Die erste Sektion war Kafka gewidmet, in dessen Schaffen die Problematik der Tagung in kondensierter Form zum Ausdruck kommt. MANFRED WEINBERG (Prag) plädierte in seinem Vortrag »Was für den einen ein Abfallbündel oder ein Hund ist, das ist für den anderen ein Zeichen.« Zum Erfahrungsgehalt der Texte Franz Kafkas dafür, den Erfahrungsgehalt der Texte Kafkas in deren Interpretation miteinzubeziehen. Mit dem im Titel seines Vortrags angeführten Zitat von Gustav Janouch veranschaulichte er die problematische Praxis in der früheren Kafka-Forschung: Lange Zeit wurden Erfahrungsgehalte in seiner Prosa beinahe verdrängt – stattdessen hob man die Zeichenhaftigkeit und das vermeintliche Transzendentale hervor, meist mit dem Duktus letzter Endgültigkeit, mit der Behauptung, dass der ultimative Schlüssel zur Decodierung seines Schaffens gefunden sei. Die markante Verschiebung von Alltagserfahrung in eine Sphäre großer theoretischer Konzepte war das gängigste Interpretationsmuster, das zur Etikettierung Kafkas als einen ‚erfahrungsarmen’ Autor beisteuerte. Weinberg schlug hingegen eine andere Lesart vor, die die Prager Erfahrungswelt von Kafka berücksichtigt. Damit meinte er jedoch keine biographischen Interpretationsansätze. Es ging ihm vielmehr um eine dezidierte Verortung seines Schaffens im Prager Kontext. Diese Neuperspektivierung führte er an den Texten Das Stadtwappen und Schakale und Araber vor und machte damit deutlich, dass Prag als besonderes transkulturelles Grenzgebiet gerade in Bezug auf die Erfahrungsgehalte in Kafkas Texten eminent wichtig ist.
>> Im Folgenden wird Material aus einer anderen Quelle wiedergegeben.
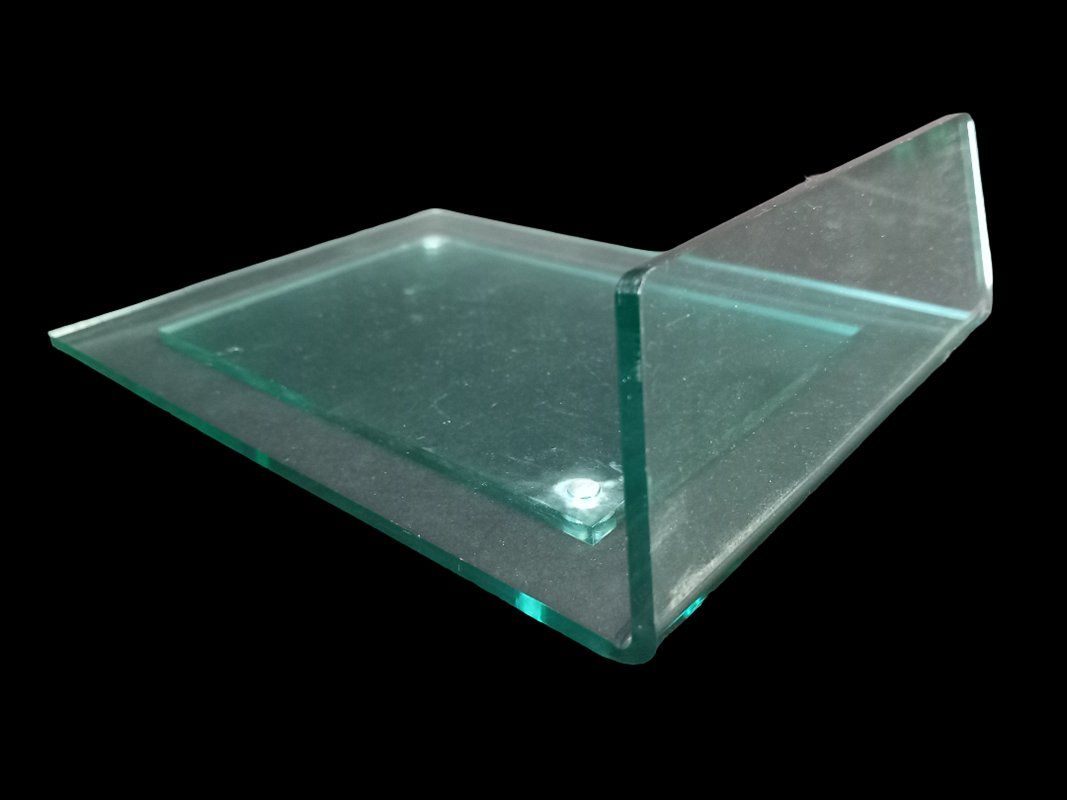 Bilderrahmen: Stehendes Plexiglas mit Bilderrahmen – Gebraucht aus Hünenberg von Restwert_Zug 3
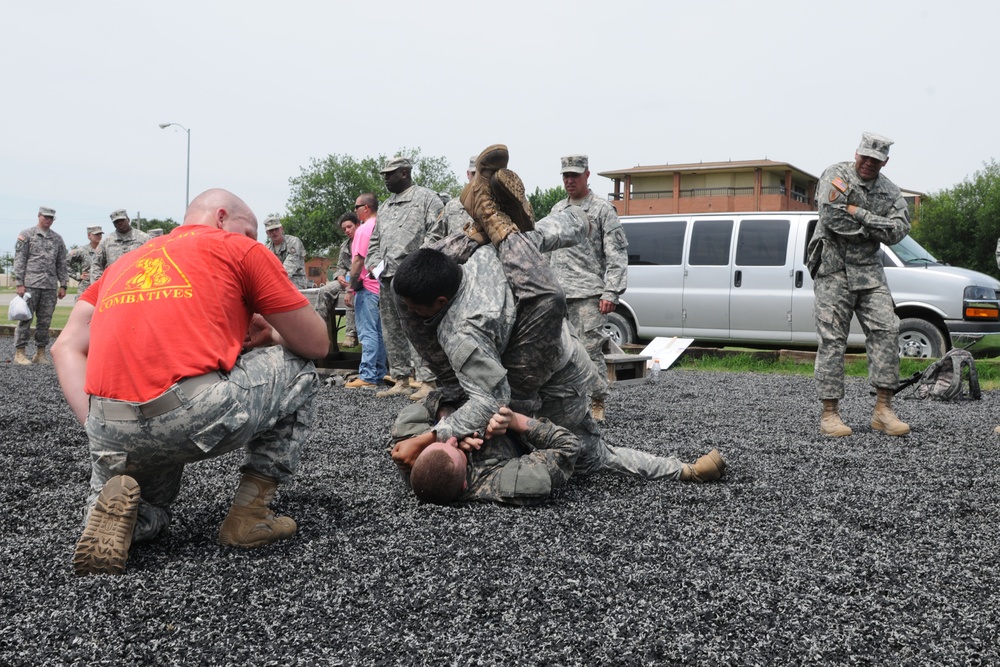 Soldiers compete in Lightning Warrior Week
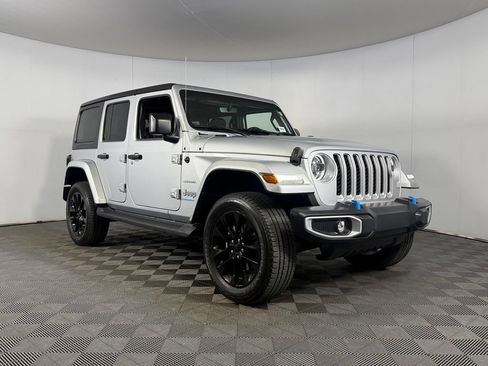 Used 2023 Jeep Wrangler Unlimited Sahara AWD/4WD image 4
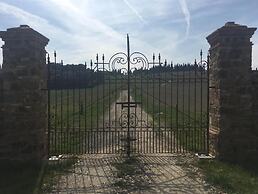 Cordella in Valdorcia Truffle & Olive Oil Resort - Podere Borgasso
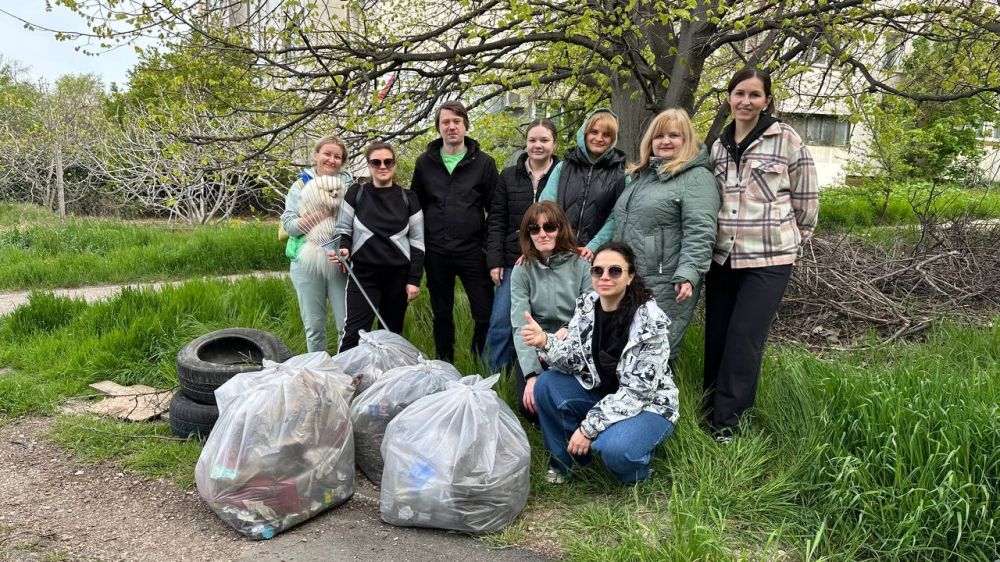 Это прекрасное субботнее утро мы встретили на общегородском субботнике!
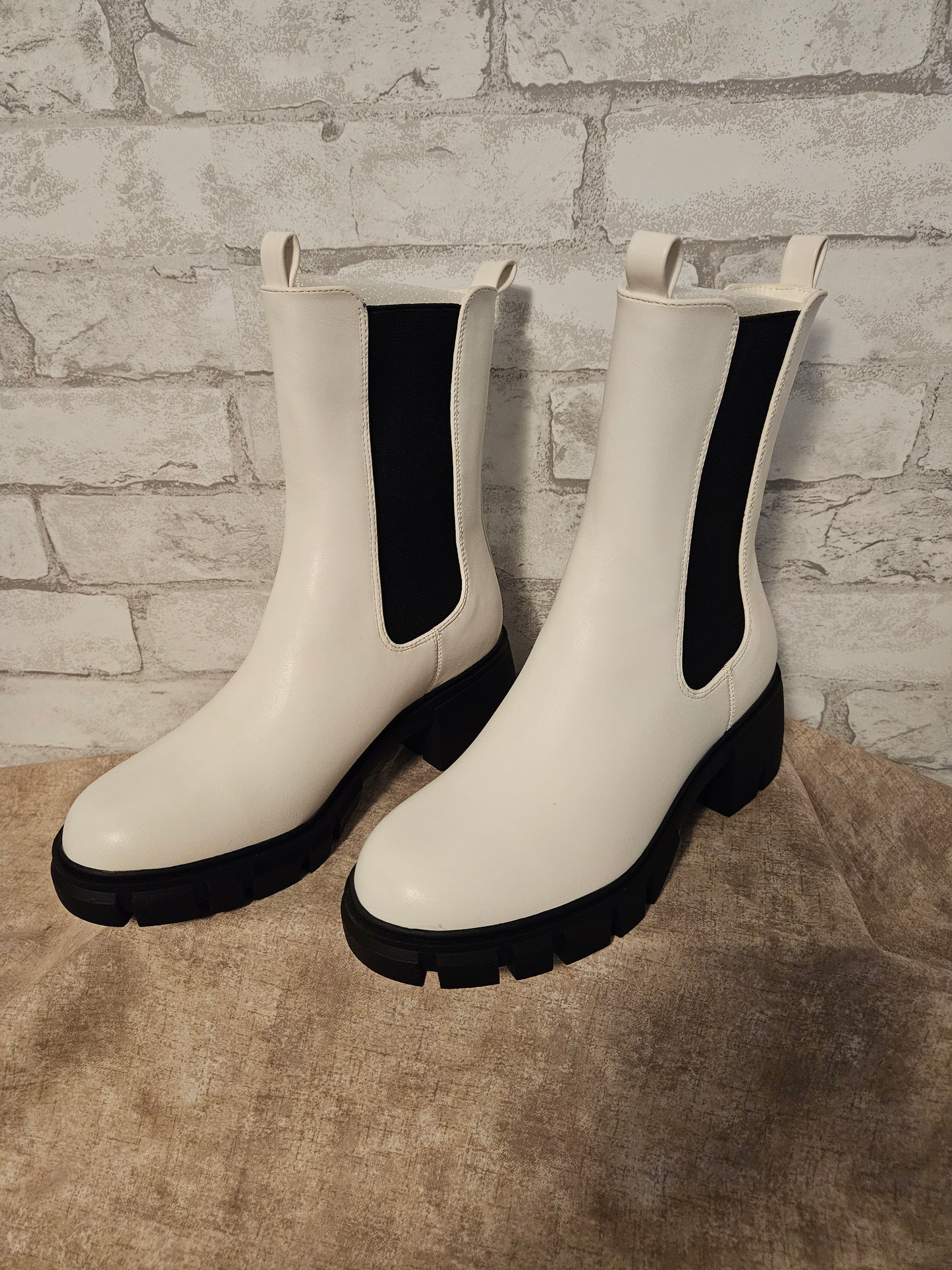 IDIFU Women's Chelsea Ankle Boots White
SABINE MÜLLER (Wien) widmete sich literarischen Antworten auf die demokratiepolitischen Implikationen der These des Erfahrungsverlusts. Ausgehend von Benjamins Nachruf auf den Erzähler wies sie auf den gesellschaftshistorischen Kontext seiner Bemerkungen hin. Eine Berücksichtigung der Situation in der Weimarer Republik verdeutlicht das von ihm markierte Problem: die Rolle der kulturellen Tradition und Literatur für die Stärkung einer Verbindung zwischen kollektiver Erfahrung und einem Demokratieverständnis. Das von Benjamin am Beispiel des Films skizzierte Modell einer modernen Kollektiv-, Perspektiv- und Tiefenerfahrung wurde mit zwei Prosatexten verglichen: Beim Bau der chinesischen Mauer von Kafka und Die unbekannte Größe von Broch. Zum Schluss konfrontierte Müller ihre Analysen mit der postfundamentalistischen Demokratietheorie von Rancière, reflektierte kritisch über die Sortierungen der Moderne und regte zur Diskussion über die Verflechtung von Erfahrungs-, Literatur- und Demokratiegeschichte an.
Die Kafka-Sektion schloss JEAN-PIERRE PALMIER (Bielefeld/Bonn) mit seinem Vortrag über Schreiben und Sensualität ab und ergänzte das Tagungsthema um eine rezeptionsästhetische Perspektive. Leitend war dabei die Annahme, dass die Erfahrung in der Literatur nicht nur auf Poetik, auf literarische Strategien und Erzählstrukturen, beschränkt bleiben könne, sondern dass sie auch die Möglichkeiten ihrer Rekonstruktion voraussetze und im Akt der Lektüre aktiviert werde. Daraus ergaben sich im Weiteren folgende Fragen: In welchem Verhältnis steht die Leseerfahrung zum Erfahrungsgehalt des Textes? Wie werden erzählte Welten zu Vorstellungswelten? Was geschieht neurologisch während der Lektüre? Im Zentrum seiner Analyse standen die Texte Das Urteil und Der Proceß. Nach dem Beitrag wurde rege darüber diskutiert, inwieweit der kognitionswissenschaftliche Ansatz mit literaturwissenschaftlichen Untersuchungen zu Erfahrung vereinbart werden könne. Unbestritten blieb jedoch der sensuelle Erfahrungsreichtum in Kafkas Texten und dessen nicht zu unterschätzende Bedeutung für ihre Interpretation.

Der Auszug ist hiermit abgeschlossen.